A funny thing also happened with the kids. Let’s face it, the early stages of the eclipse are not the most exciting thing. I was constantly fielding a stream of questions “has it started yet?” “When will it start?” “I’m bored.” And so forth. The kids spent some time fiddling around on iPads to pass the time. Anyways, totality starts and we’re all standing around looking at the darkened horizon, the strange clouds, Jupiter, and the weird sights. When the cloud parted and we saw the corona through this tiny opening, there was a collective cheer, and my youngest kid took off running in the other direction. I shout at him to come back. At best, we have mere seconds to look at this spectacle. Why is he running off? I later find out he’s running to go get his iPad. WTF? The iPad? Why?!?! To take a picture naturally. Ugh. I really should have thrown that iPad off a cliff in the Canyonlands when I had a chance the week before. I digress, but when I’m 90 years old and half-senile, I sure hope my kid likes hearing that old story about how he ran off to get his iPad during the total eclipse. Because that’s the story I’m going to be telling. A LOT.
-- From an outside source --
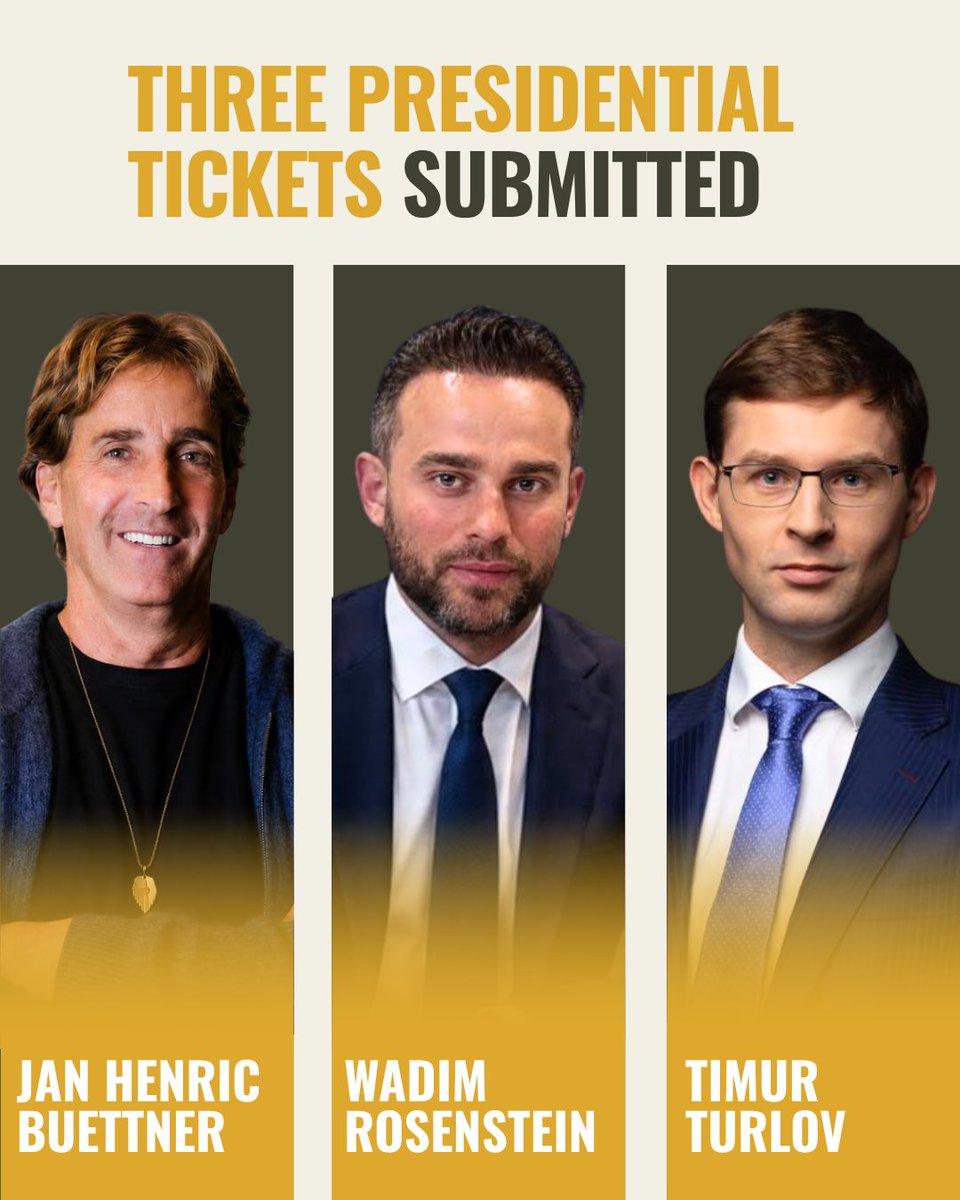 FIDE_chess's tweet photo. ♟ Three Presidential Tickets Submitted to FIDE Office Ahead of 2026 Elections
Finally, I’m going to remember the EPIC traffic jam that commenced afterwards. I don’t really know what it might feel like to be a raindrop in a flash-flood, but after surviving the return trip to Chicago, I think I’ve now got a much better idea. I think most people would be inclined to whine about it, but I think the traffic itself might be a once-in-a-lifetime experience just like the eclipse. For example, it took nearly 6 hours to drive the first 100 miles home–a time that I’ve actually beat riding my road-bike on a century ride. Imagine cars driving every which way. On every road. In scattered blinding thunderstorms. Out in the middle of farm-fields. Meeting at dark intersections in the middle of nowhere–some evil AI back at the Google Maps headquarters laughing maniacally. Bwahahahaha! Yeah, THAT kind of driving. Oh yeah, and it was almost all minivans. So, really it was more like a 200-mile traffic jam combined with an elementary school kid pickup and the Mad Max movie–which is to say pretty awesome in a strange sort of way. Anyways, I just sort of zoned out and just drove and drove and drove. Made it back home after about 11 hours.
Anyways, would I do this again? You bet.